== Segment start ==
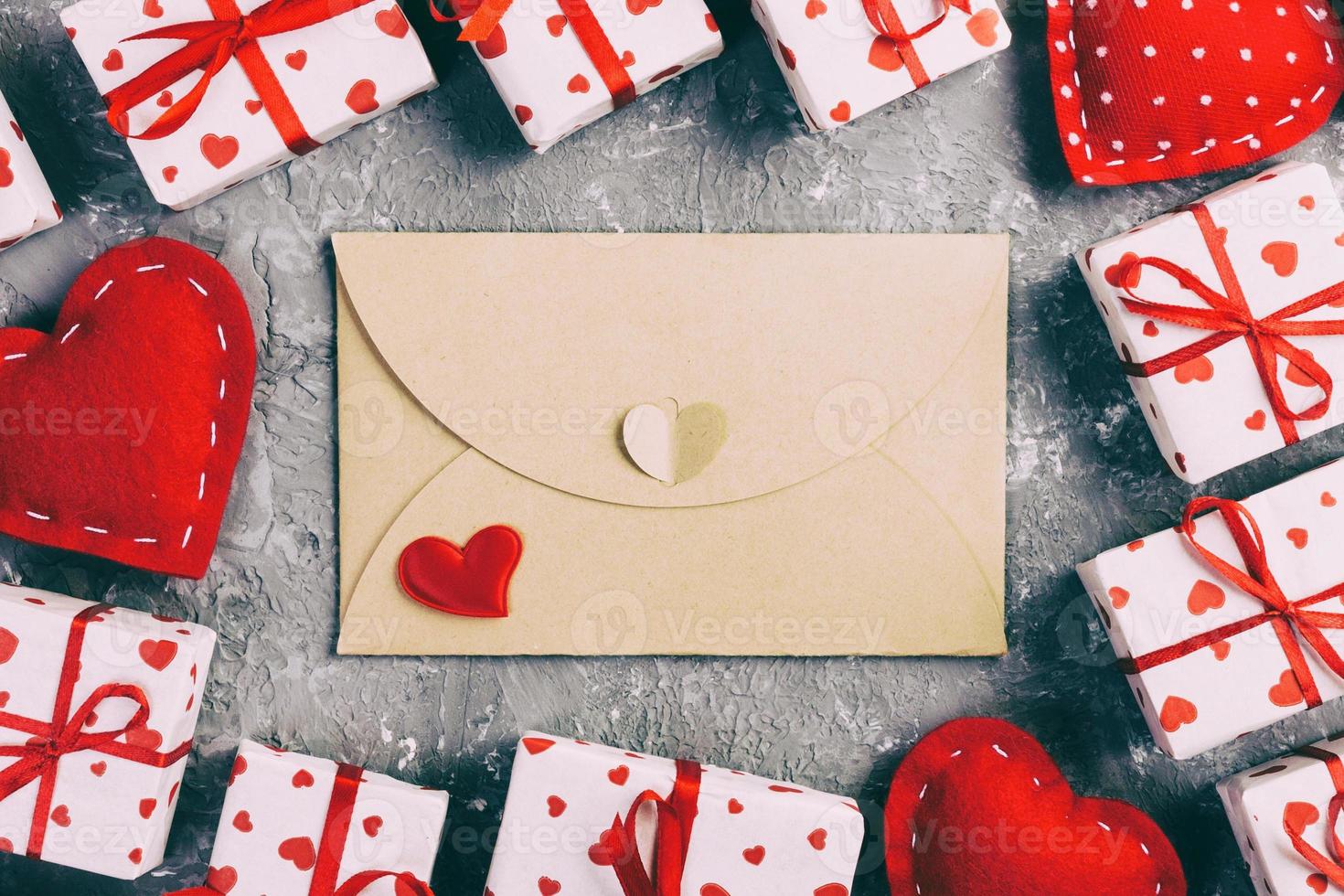 kuvert post med röd hjärta och gåva låda över grå cement bakgrund. valentine dag kort, kärlek eller bröllop hälsning begrepp foto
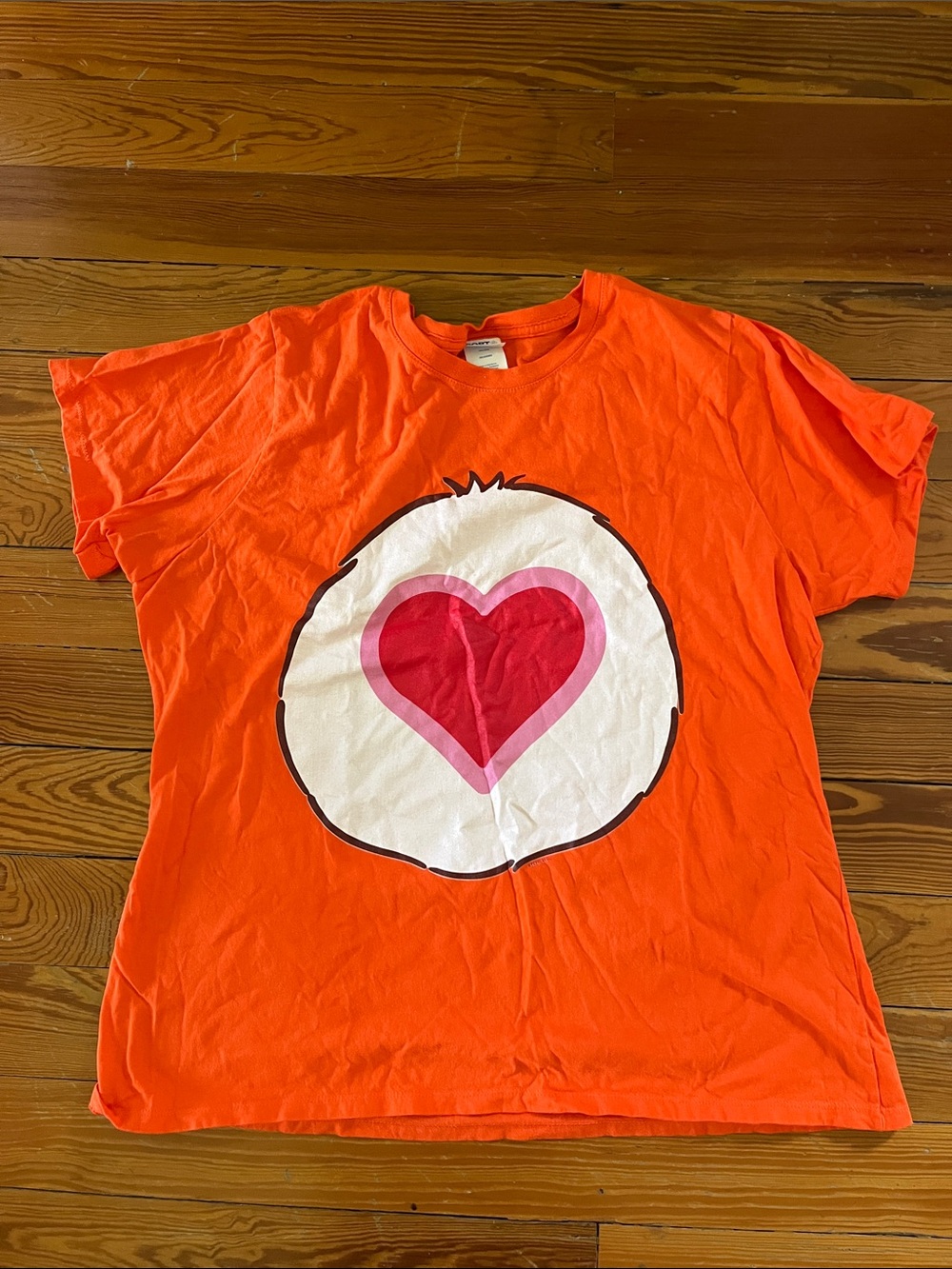 Women’s Care Bear Tenderheart Graphic Tee worn once Halloween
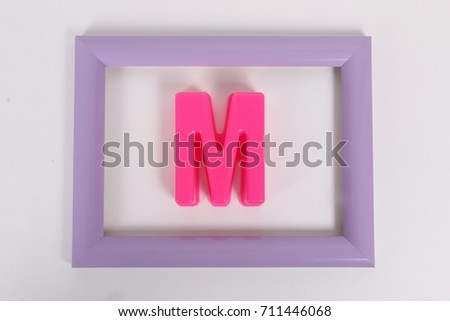 letter m in a picture frame in the studio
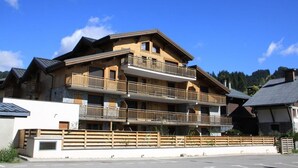 A multi-story building with balconies, likely a hotel or resort, with a clear blue sky in the background.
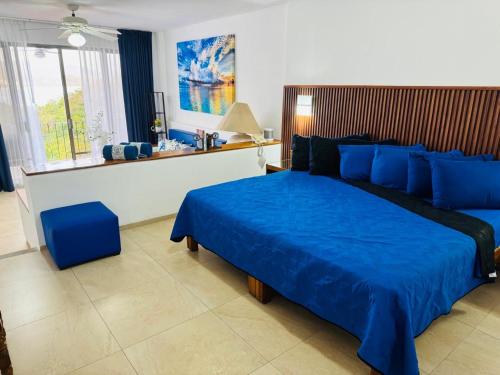 a bedroom with a large blue bed in a room at Palma Real vista al mar in Manzanillo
== Segment end ==
__Your instructions__
The answer must be the lines of the entries above, written out exactly from the first through the one with "letter m in a picture frame in the studio", and no pictures.

__Response area__
 kuvert post med röd hjärta och gåva låda över grå cement bakgrund. valentine dag kort, kärlek eller bröllop hälsning begrepp foto
 Women’s Care Bear Tenderheart Graphic Tee worn once Halloween
 letter m in a picture frame in the studio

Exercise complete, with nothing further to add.